I’m not sure if this has been covered already but if you are wondering why your CUDA kernels don’t seem to be prodding your Maxwell v2 GPU to its max rated memory clock speed then read this thread.
Kudos to the people on that thread for recognizing that compute applications weren’t achieving the same memory clocks as graphics applications.
In my case, I have an EVGA GTX 980 SC ACX 2.0 that immediately boosts to a GPU/MEM clock of 1392/1502 MHz.
However, the card is rated for a max MEM clock of 1752 MHz yet I had never seen a CUDA kernel boost beyond 1502 MHz.
After reading the above thread, I queried the supported clocks:
nvidia-smi -i <device id> -q -d SUPPORTED_CLOCKS | more
… and set the application clocks to the max supported for this card:
nvidia-smi -i <device id> -ac 3505,1531
The results are impressive!
The CUDA Samples “Bandwidth Test” now reports almost 200 GB/s instead of the previous ~160 GB/s.
My HotSort benchmark leapt as well! The purple line shows the impact of the improved mem clock boost.
I wonder why compute kernels default to a lower power state?
Thanks for highlighting the use of application clocks! I have repeatedly recommended them to forum participants over the past couple of years, but a worked example accompanied by a nice graph is worth a thousand words on the topic :-)
The surprise for CUDA devs with GM20X GPUs is that, according to nvidia-smi, the power state for Type “C” (compute) tasks doesn’t default to the maximum supported MEM clock. Type “C+G” (compute+graphics) tasks operate as expected. The previously mentioned thread really digs into it.
It’s always pleasing to get a free and safe performance boost!
Now I can’t wait to hear from CudaaduC whether the use of application clocks enables him to boost his app over the performance threshold he has been approaching (from below) for a while.
I agree the observed auto-boosting behavior doesn’t make intuitive sense, maybe someone from NVIDIA can enlighten us on this issue.
Since I have a reference Titan X in the same PC as a EVGA superclocked Titan X, I just upped the reference version Titan X to;
nvidia-smi -i 0 -ac 3300,1304
and that already pushed my multi-gpu 512^3 RabbitCT back projection time down to my target time of 740 ms (including all memory copies both directions).
At 220 ms for 256^3, and ~5 seconds for 1024^3 including memory copy times(without this new boost). Will benchmark the new iterations over the next few days.
All this without using the texture bi-linear interpolation, which all the top finishers use.
Forgive the “dumb” question, but is this technically “overclocking” or is it just using more of the intended capacity of the GPU?

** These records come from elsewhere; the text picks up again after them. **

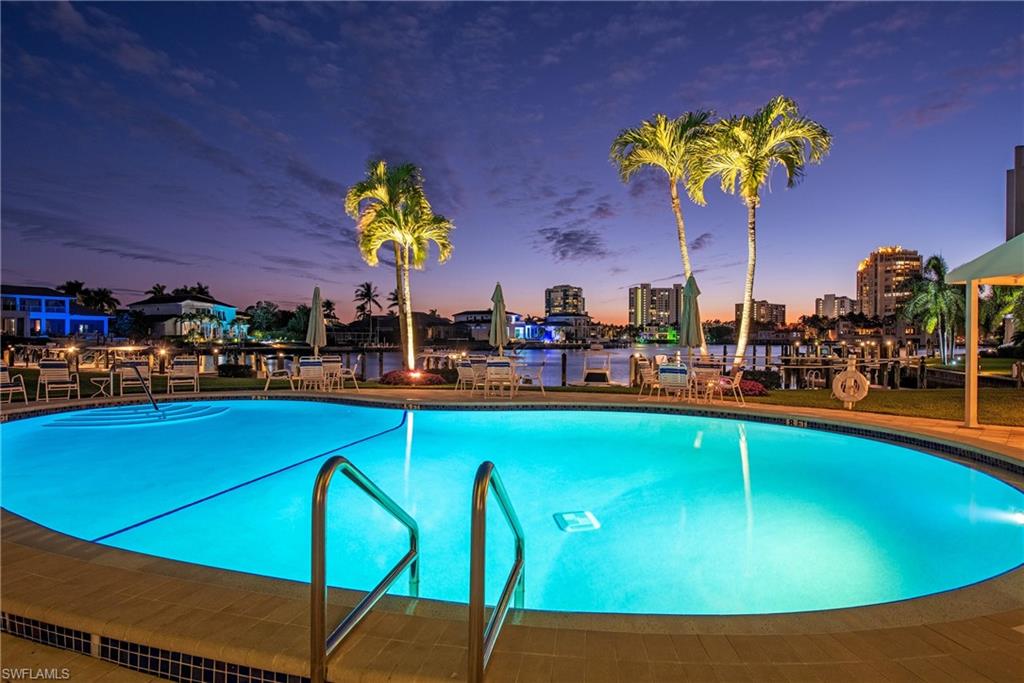 400 Park Shore DR # 304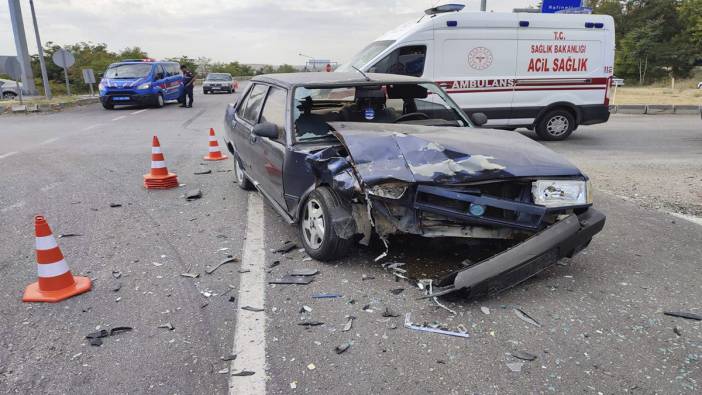 Kırıkkale'de iki otomobil çarpıştı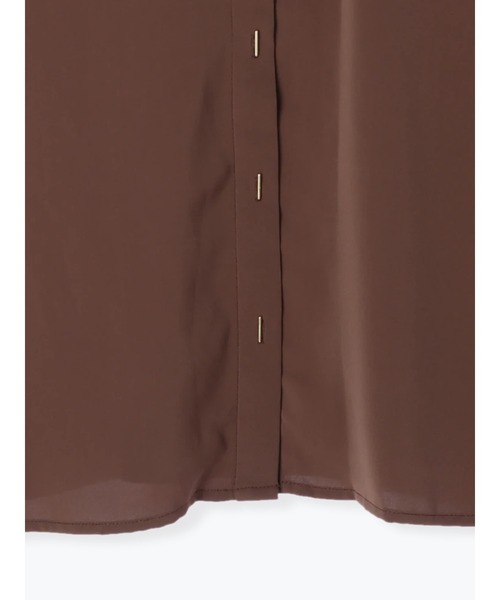 Te chichi（テチチ）の「肩タックTバー釦シャツブラウス（シャツ/ブラウス・レディース・ブラウン/ブラック/オフホワイト・ﾌﾘ-）」の19枚目の写真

Good question. The application clocks set up by NVIDIA for a particular reference device are obviously sanctioned by them and these GPUs should function flawlessly at the highest application clock settable through nvidia-smi. What NVIDIA does not guarantee when choosing high application clocks is that clock throttling due to exceeding the power or thermal limits for the card will not occur.
From what I have seen, many applications run just fine at the highest application clocks while staying well clear of the throttling limits. That is why I always recommend that people try those application clocks with their apps.
As far as I understand, the GPU default clocks are chosen such that clock throttling should never occur under normal operating conditions, no matter what the application. This is important where hundreds or thousands of GPUs must be run continuously, all at the same performance, as part of a cluster.
What I do not know whether third-party devices allow the setting of application clocks that exceed the application clocks settable on NVIDIA’s reference devices. Personally, I have always been wary of “super-clocked” devices that run at higher than NVIDIA’s reference frequencies out of the box. My (potentially unjustified) concern is that the third party vendors use graphics rather than compute applications to qualify the parts at those increased clocks.
So as long as you run your GPUs at the NVIDIA-approved application clocks, you are not overclocking, as the parts are designed and qualified by NVIDIA for those clocks, meaning you are not eating into the design margin of the part. As I explained in a post a while back, the design margin is there to absorb manufacturing variations as well as aging effects that slow down transistors and wires over time.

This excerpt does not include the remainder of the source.